Posted: Tuesday, January 21, 2003

After reading the Sunday Empire's "What do you think" about U.S. military force ousting Saddam, it suddenly occurred to me that we Alaskans might get some David and Goliath action done regarding the federal government. Current events have given us possibly the greatest opportunity in 200 years to increase states rights and citizen authority at the expense of improper federal power. We can do it in the simplest and most constitutionally pure manner possible. We, the people of Alaska, can vote for or against a war on Iraq, and then nationally publish the voting results on Alaska's instructions for the president, our chief public servant.

Why should Alaskans do this - either by direct vote or through the vote of elected civic bodies up to and including the Legislature? Note that the president has been wasting the time and attention of the country making a case for war to get the agreement of the American people. Why? Because the methodology set down in the Constitution to get this support, a declaration of war, was not used.
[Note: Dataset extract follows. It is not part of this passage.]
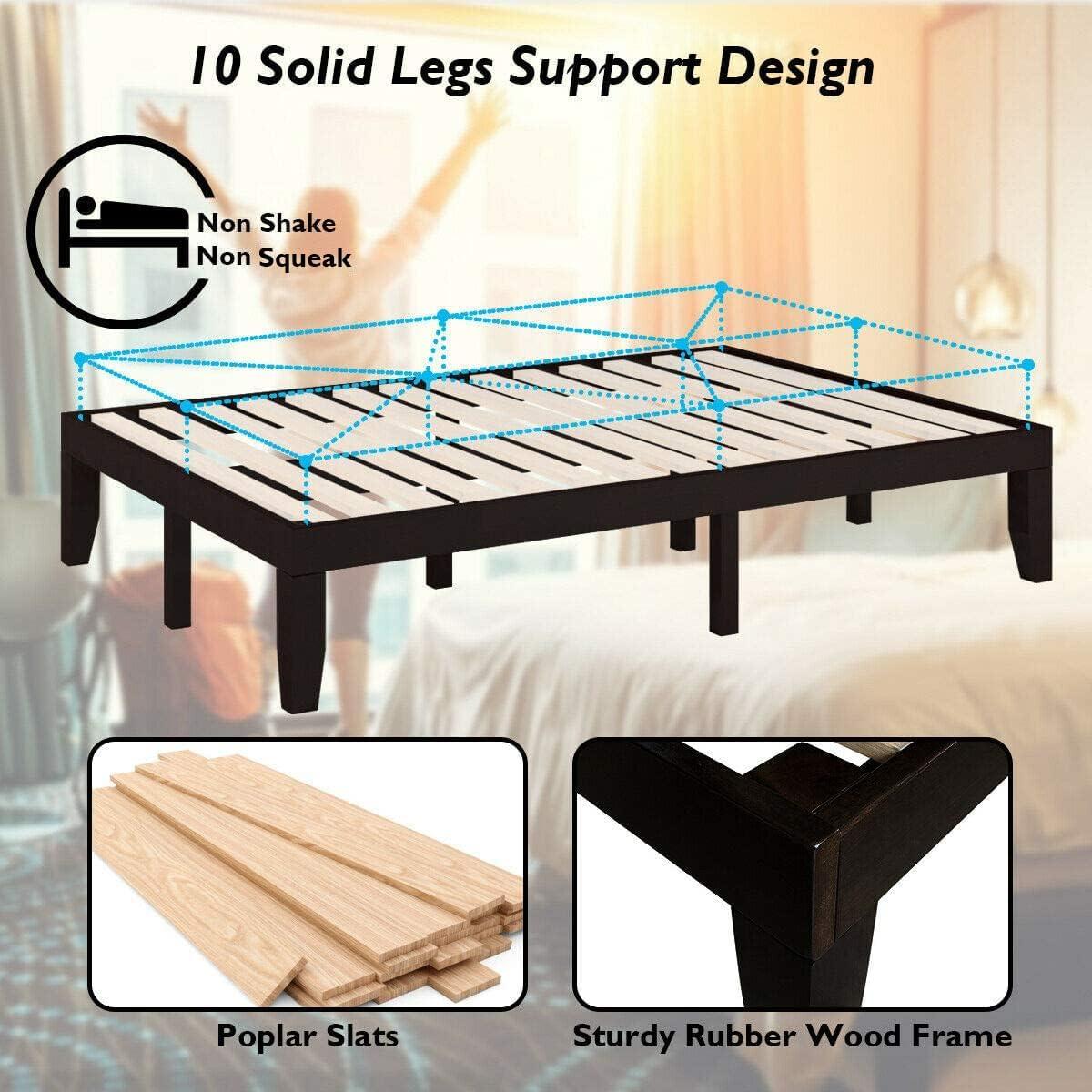 image:imageGiantex King Wood Platform Bed Frame 14 Inch Solid Rubber Wood Mattress Foundation Heavy Duty Wooden Slats Support No Box Spring Needed Easy Assembly NaturalEspresso
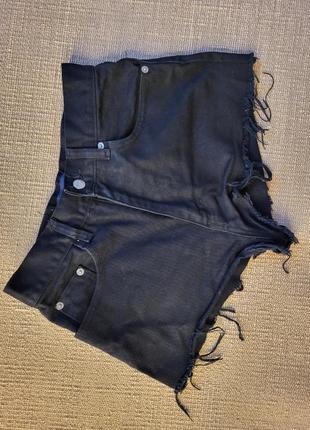 Шорти w29 l28 висока посадка короткі джинсові чорні базові труси тренд2 фото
How is this? Because the Iraq resolution constitutes an abdication of the constitutional power of Congress to representatively deliberate the question of war. Through a piece of congressional irresponsibility called the War Powers Act, Congress attempts to say how they know better than the Founding Fathers. They have granted the president unfounded discretionary powers to use military force. Worse, it's being implied that average Americans can't be trusted with "secret and classified" opposing facts - nor capable, then, of judging the worth and consequences of abandoning the methodologies of civilization for "fast, efficient" violence. But we've been hearing that from political big-shots who wanted people subservient, since forever.
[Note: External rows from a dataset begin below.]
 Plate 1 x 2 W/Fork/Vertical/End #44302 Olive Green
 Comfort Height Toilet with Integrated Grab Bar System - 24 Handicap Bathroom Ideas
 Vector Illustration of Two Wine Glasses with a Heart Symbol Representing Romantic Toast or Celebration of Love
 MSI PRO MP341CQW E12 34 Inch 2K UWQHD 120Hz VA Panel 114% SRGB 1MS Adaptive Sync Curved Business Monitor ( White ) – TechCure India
The real political truth is simple. In a republic established by the people, when a part of the representative government they created abdicates a part of the power and authority granted it, that power and authority obviously goes back to where it came from. Congress and the president may have put on a show about how "leadership" and "security" are more important in these troubled times than constitutionally driven citizen representation. But if this was so, then why is the Bush administration still making a play for broad public support? Therefore fellow Alaskan, how about going down in American history for simply opening your mouth about war and collectively insisting: "No voiding civilization without representation!"?